[ic] Just upgraded 4.8.9->5.2 - RobotUA question

Mon Dec 13 22:21:55 EST 2004

On Mon, 13 Dec 2004 DB <DB at M-and-D.com> wrote:

>> On Sun, 12 Dec 2004, DB wrote:
>>
>>> I just upgraded by foundation based catalog from 4.8.9 to 5.2.0. I 
>>> followed the UPGRADE file instructions and things went pretty 
>>> smoothly. My main reason for the upgrade was to take advantage of 
>>> the RobotUA feature.
>>>
>>> After the upgrade, I added the section below to the end of my 
>>> interchange.cfg, however I still entries like this in my apache 
>>> access_log:
>>>
>>> "GET /unlisted.html?id=gAW3nswb HTTP/1.0" 200 17202 "-" "ia_archiver"
>>> "GET /helpfaq.html?id=SRvEvzVq HTTP/1.0" 200 32017 "-" "msnbot/0.3 
>>> (+http://search.msn.com/msnbot.htm)"
>>>
>>> Now I thought the RobotUA prevented spiders from obtaining session 
>>> ids? Am I confused, or can someone tell me why these spiders 
>>> appears to be still obtaining session ids?
>>
>> Are you sure that they're still obtaining session IDs? All those log 
>> entries tell you is that they're successfully spidering URLs that 
>> have session IDs already in them.

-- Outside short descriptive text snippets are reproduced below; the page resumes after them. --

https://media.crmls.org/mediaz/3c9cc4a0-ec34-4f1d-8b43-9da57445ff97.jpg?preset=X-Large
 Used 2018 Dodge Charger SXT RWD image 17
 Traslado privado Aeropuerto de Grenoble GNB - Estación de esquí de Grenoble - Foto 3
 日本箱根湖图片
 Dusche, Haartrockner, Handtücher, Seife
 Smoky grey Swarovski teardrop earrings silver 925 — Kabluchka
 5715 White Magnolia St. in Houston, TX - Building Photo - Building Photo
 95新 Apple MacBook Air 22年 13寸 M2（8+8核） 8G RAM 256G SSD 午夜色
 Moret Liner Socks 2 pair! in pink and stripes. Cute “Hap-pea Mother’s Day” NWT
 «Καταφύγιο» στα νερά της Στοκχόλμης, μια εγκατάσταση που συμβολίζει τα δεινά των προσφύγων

Mostly likely their index of your 
>> site already includes hundreds of URLs with embedded session IDs, 
>> and they'll keep spidering those, getting results, and thinking 
>> everything's fine.
>>
>> The change you made says that they won't be issued a session ID, 
>> which is probably working. But it can't purge their old indexes. 
>> Perhaps some spiders eventually stop polling old addresses that 
>> aren't linked any longer, but I don't have any evidence of that.
>>
>> If you want to be sure, do something like:
>>
>> GET -H 'User-agent: ia_archiver' http://yoururl
>>
>> And look for session IDs in the URLs you get back on that page.
>>
>> Jon
>
> Hmm could be - how would I use that GET statement - in a perl script?
> I'm not familiar with the syntax.
>

Drew McLellan has a nice article about testing this sort of thing with the
standard curl library you probably have installed on your linux box.

http://allinthehead.com/retro/224/curl-for-http-debugging

For instance, try this from a command line:

   # curl --user-agent 'GoogleBot' http://yoursiteurl

- Brian